A school campus as an extension of the classroom: Spotlight on an integrated and inclusive vision of gardens at Holmes Junior High School

By Lorie Hammond, Educational Advisor, Davis Farm to School (DF2S)

Celebrating día de los muertos (Day of the Dead) as part of Social Studies

at Holmes Junior High School (HJHS). (Photo compliments of Anna Pegg,

Social Studies teacher, Holmes)


This article is the third in a series which spotlights one school garden per month. These gardens are in all Davis public and private schools, where they are supported in part by Davis Farm to School (DF2S), a project of the Davis Farmers’ Market Alliance (501c3). DF2S is led by district-wide garden coordinator Nate Tauzer, a sixth generation farmer. Thank you to HJHS teachers Keri Hawkins, Sarah Hohmann, Kate Giorgi, Lisa Mowry, and Anna Pegg for their input on this article.


A visit to a Biology and Sustainable Agriculture Class:

“I look at our campus and feel it should be an extension of the classroom. I want kids to be doing stuff. The campus should be totally integrated into the learning experience.” This statement was made by Kate Giorgi, teacher of Biology and Sustainable Agriculture, a ninth grade class which is part of Holmes’ Career and Technical Education (CTE) program which extends from ninth grade through high school. Ms Giorgi’s own background includes ten years at the United States Department of Agriculture (USDA) before teaching at Holmes. “In my perfect world,” she goes on to say, “kids would be growing the food they eat for lunch and learning to prepare it.” Ms. Giorgi knows this is a big dream, but realistically, she hopes that kids can grow food to sell as Community Sponsored Agriculture (CSA) boxes to their families and friends. That dream does not seem far-fetched. Planter boxes systematically growing winter vegetable sprouts line her paths and patios, and a dozen or so hens, recently raised by her students, occupy an attractive chicken coop nearby. “The students spent all last week in the garden,” Ms. Giorgi states. Their work is evident.
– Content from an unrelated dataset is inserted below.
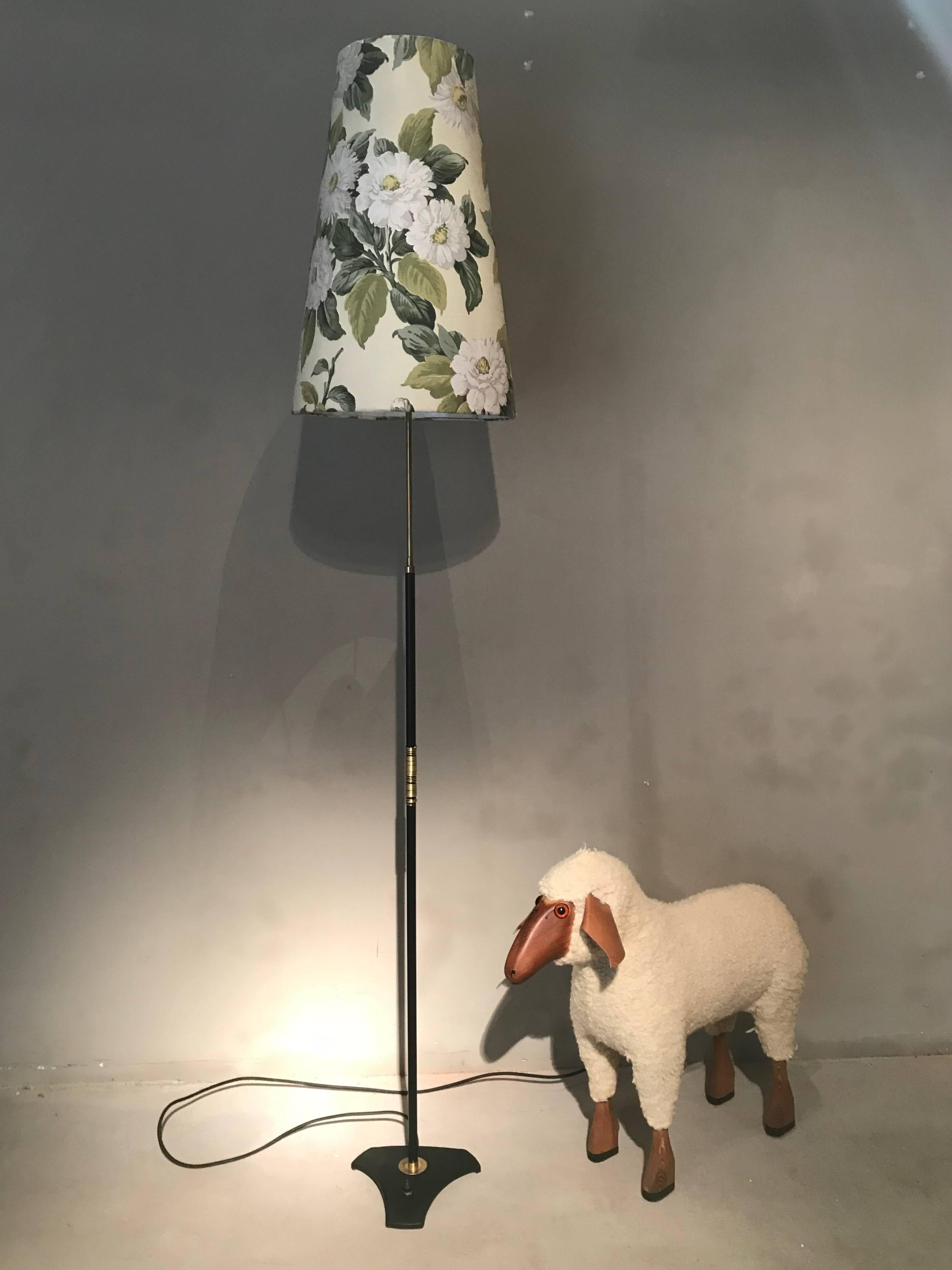 Midcentury Rupert Nikoll Brass Floor Lamp, Flower Shade, 1960s, Austria 2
Yet this week, science is at the forefront. Students work in groups to create posters of the water cycle which incorporate not only major concepts, such as evaporation, but also what they have learned first hand about how water passes through plants. Ms Giorgi introduces the project to her class: “Sometimes school is about giving information and spitting it back. But that’s not how the world works. You have to figure stuff out. Your future boss won’t give you all the information. Look up various water cycle diagrams and if they don’t involve the plants, look for a better one. Make sure you include groundwater, and think about how water gets into the ground to become ‘groundwater.’ Cite your references, and answer the questions on the board.” Ms. Giorgi’s whiteboard is full of real-world questions such as “Who is entitled to water?” “What about in a drought?” “Do we have the right to as much water as we used last year even in a drought?”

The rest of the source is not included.